TRY IT: Pictures stay out of the copy. Everything else in the records must be repeated exactly.

LISTED RECORDS:
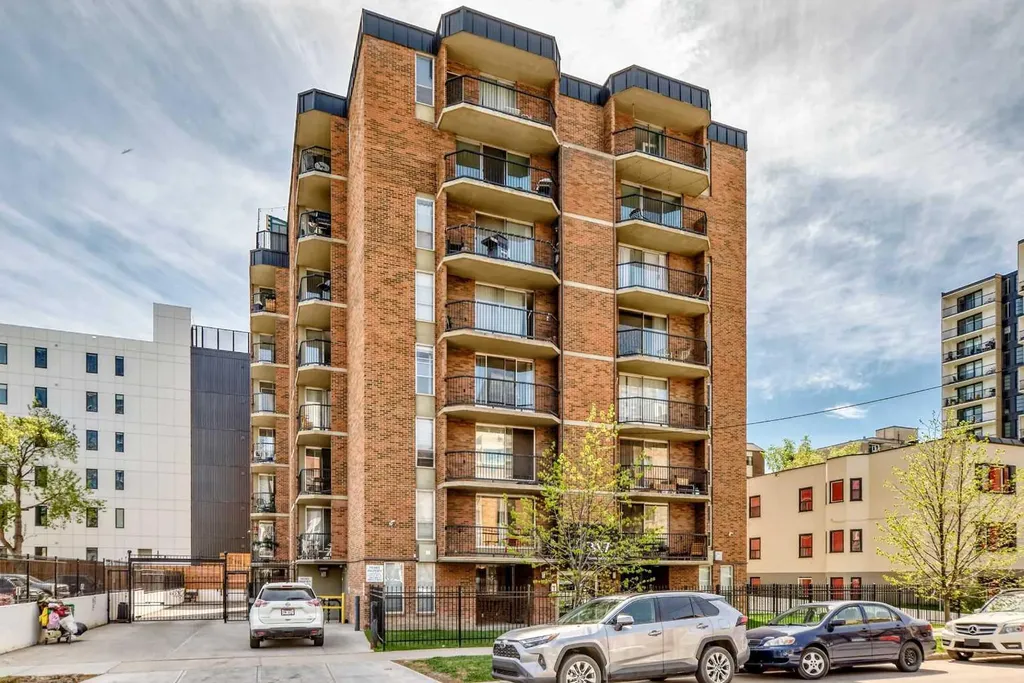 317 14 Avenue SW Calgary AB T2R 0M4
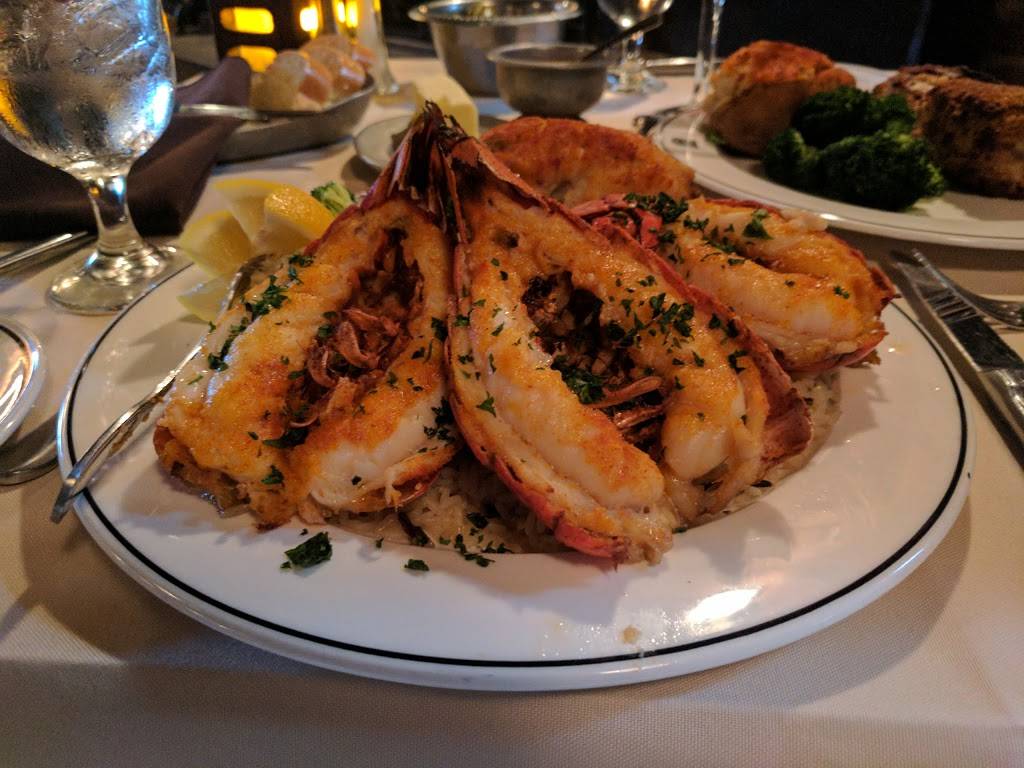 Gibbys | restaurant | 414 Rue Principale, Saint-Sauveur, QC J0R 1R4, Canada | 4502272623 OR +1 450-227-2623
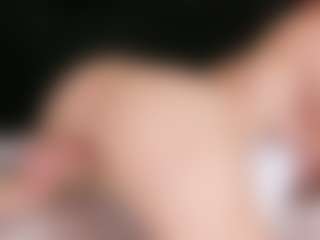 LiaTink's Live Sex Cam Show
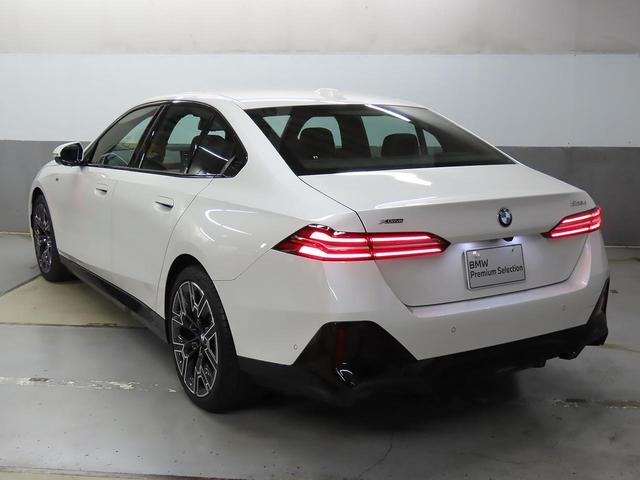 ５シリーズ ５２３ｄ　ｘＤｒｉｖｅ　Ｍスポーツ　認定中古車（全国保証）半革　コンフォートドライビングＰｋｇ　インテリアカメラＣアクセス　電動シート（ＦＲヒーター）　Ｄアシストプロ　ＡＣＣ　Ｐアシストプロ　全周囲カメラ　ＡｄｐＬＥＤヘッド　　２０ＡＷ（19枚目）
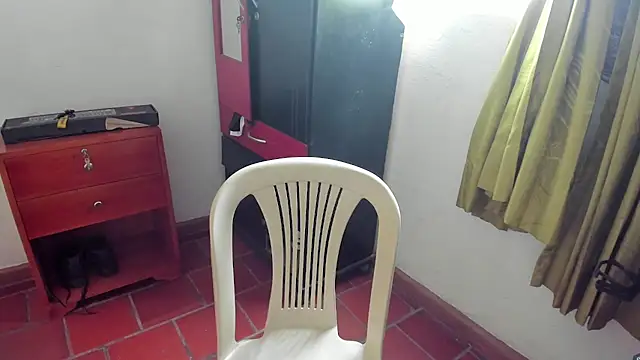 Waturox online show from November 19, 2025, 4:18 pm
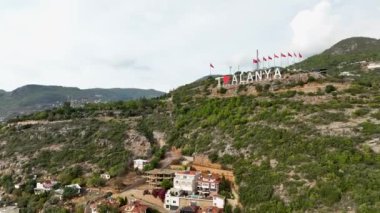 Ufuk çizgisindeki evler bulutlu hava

RESULT:
 317 14 Avenue SW Calgary AB T2R 0M4
 Gibbys | restaurant | 414 Rue Principale, Saint-Sauveur, QC J0R 1R4, Canada | 4502272623 OR +1 450-227-2623
 LiaTink's Live Sex Cam Show
 ５シリーズ ５２３ｄ　ｘＤｒｉｖｅ　Ｍスポーツ　認定中古車（全国保証）半革　コンフォートドライビングＰｋｇ　インテリアカメラＣアクセス　電動シート（ＦＲヒーター）　Ｄアシストプロ　ＡＣＣ　Ｐアシストプロ　全周囲カメラ　ＡｄｐＬＥＤヘッド　　２０ＡＷ（19枚目）
 Waturox online show from November 19, 2025, 4:18 pm
 Ufuk çizgisindeki evler bulutlu hava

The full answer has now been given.